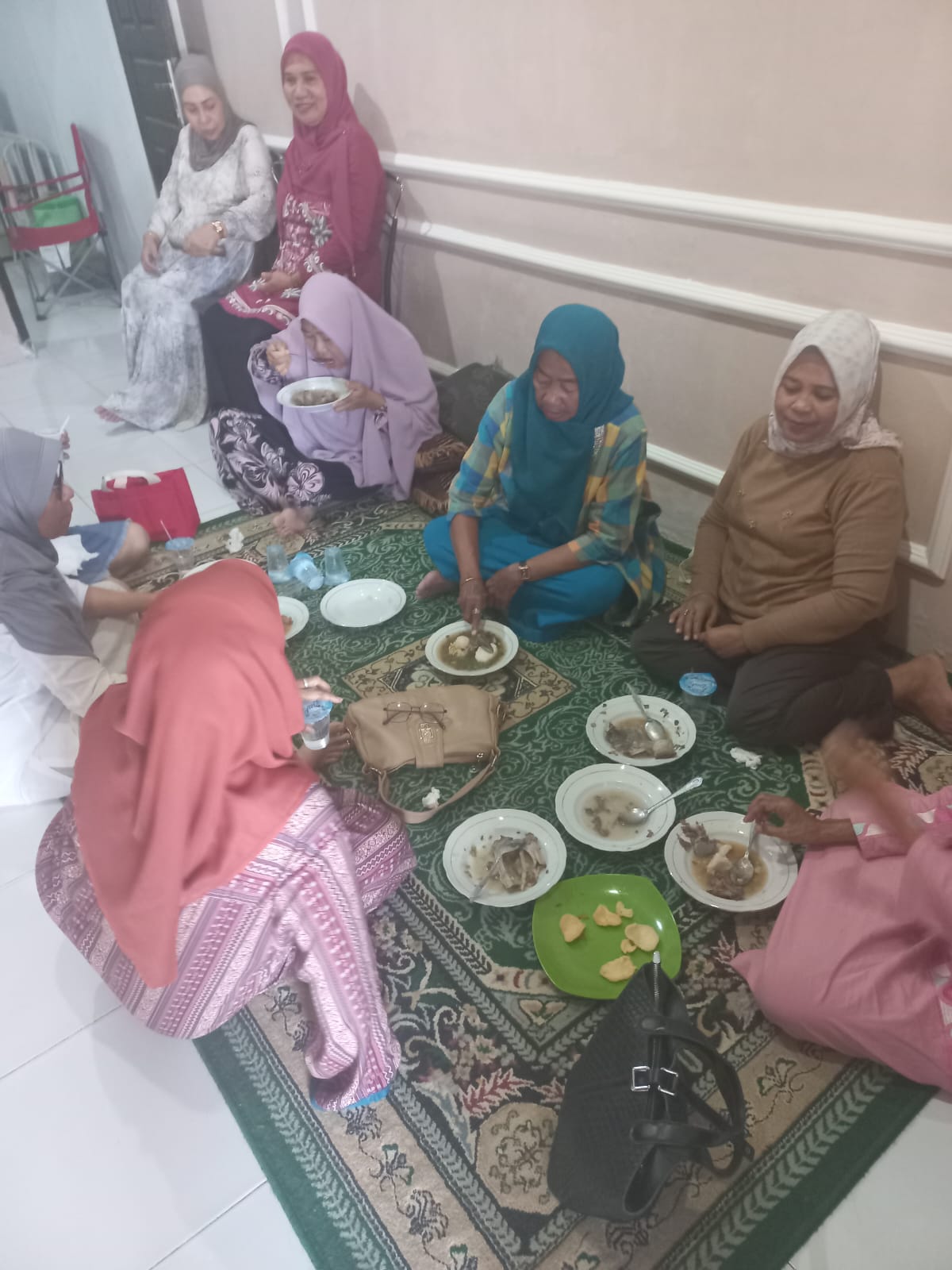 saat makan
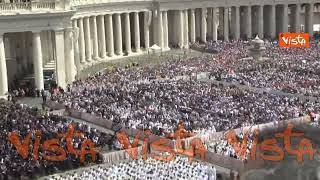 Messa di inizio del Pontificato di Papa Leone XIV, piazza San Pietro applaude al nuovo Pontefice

################

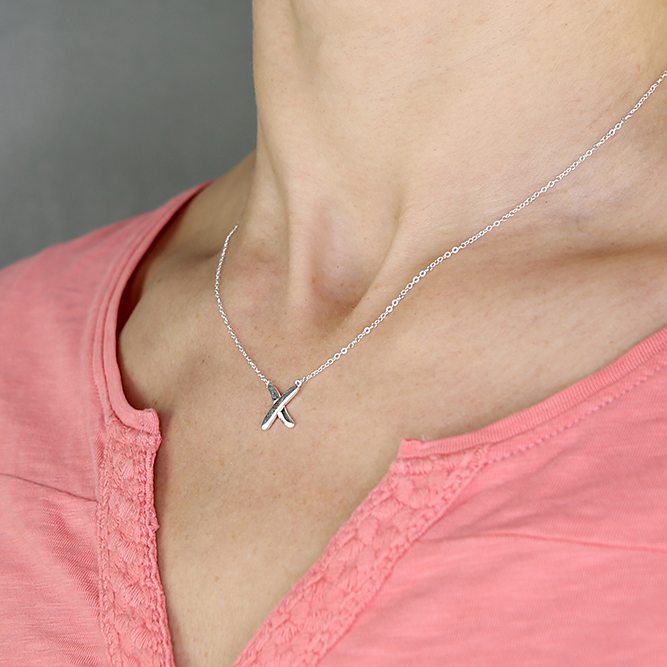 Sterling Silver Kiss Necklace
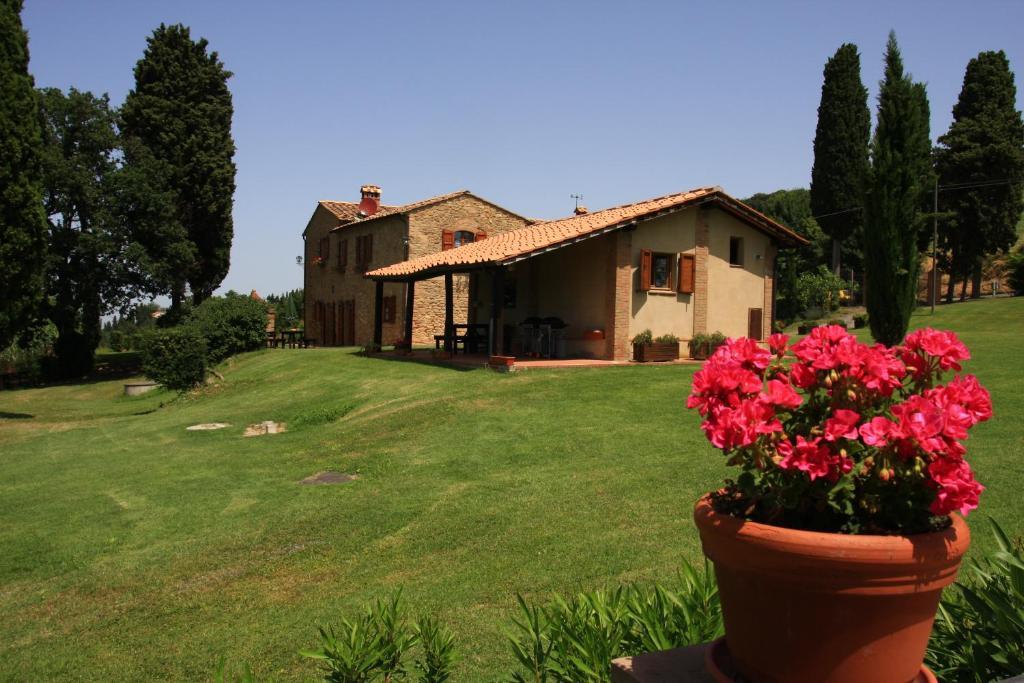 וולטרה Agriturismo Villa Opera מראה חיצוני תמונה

################

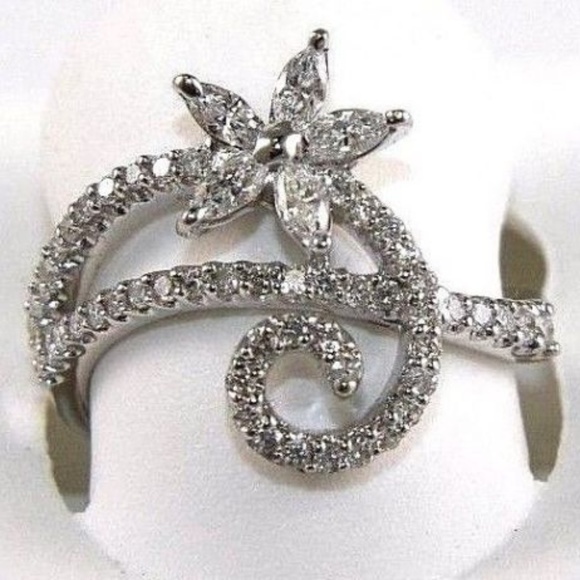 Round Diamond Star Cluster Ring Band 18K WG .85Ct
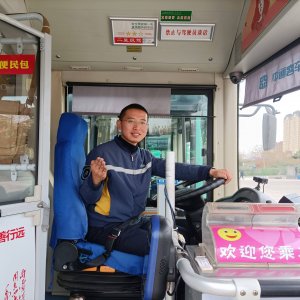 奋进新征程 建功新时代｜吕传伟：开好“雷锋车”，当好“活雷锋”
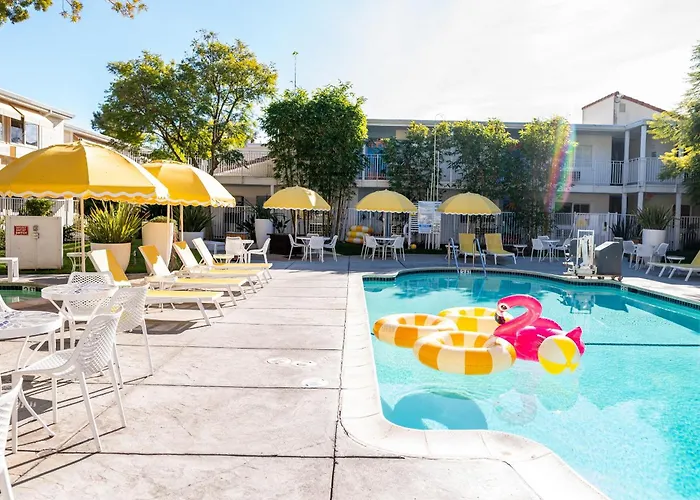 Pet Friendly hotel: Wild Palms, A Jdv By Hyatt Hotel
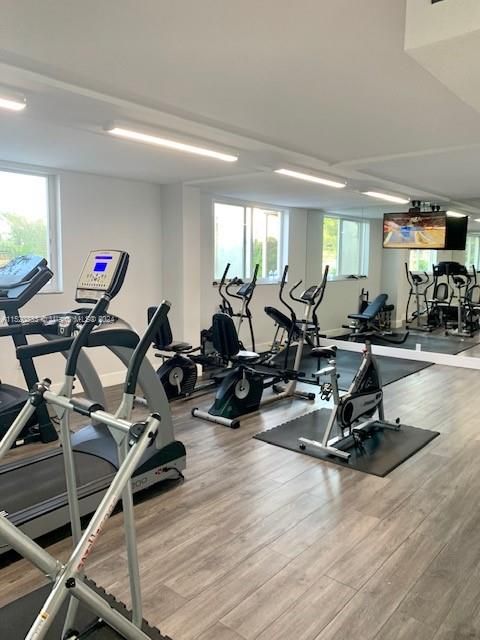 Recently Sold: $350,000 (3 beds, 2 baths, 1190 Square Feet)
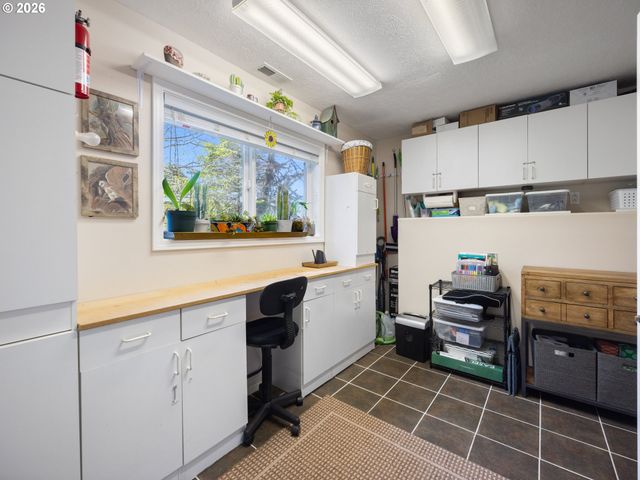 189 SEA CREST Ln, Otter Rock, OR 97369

################

**ACTIVITY**
Only the lines above starting with the line with "Round Diamond Star" and going on through the line with "189 SEA CREST Ln, Otter Rock, OR 97369" belong in the answer; repeat them exactly, minus any picture.

**RESULT FOR THIS EXERCISE**
 Round Diamond Star Cluster Ring Band 18K WG .85Ct
 奋进新征程 建功新时代｜吕传伟：开好“雷锋车”，当好“活雷锋”
 Pet Friendly hotel: Wild Palms, A Jdv By Hyatt Hotel
 Recently Sold: $350,000 (3 beds, 2 baths, 1190 Square Feet)
 189 SEA CREST Ln, Otter Rock, OR 97369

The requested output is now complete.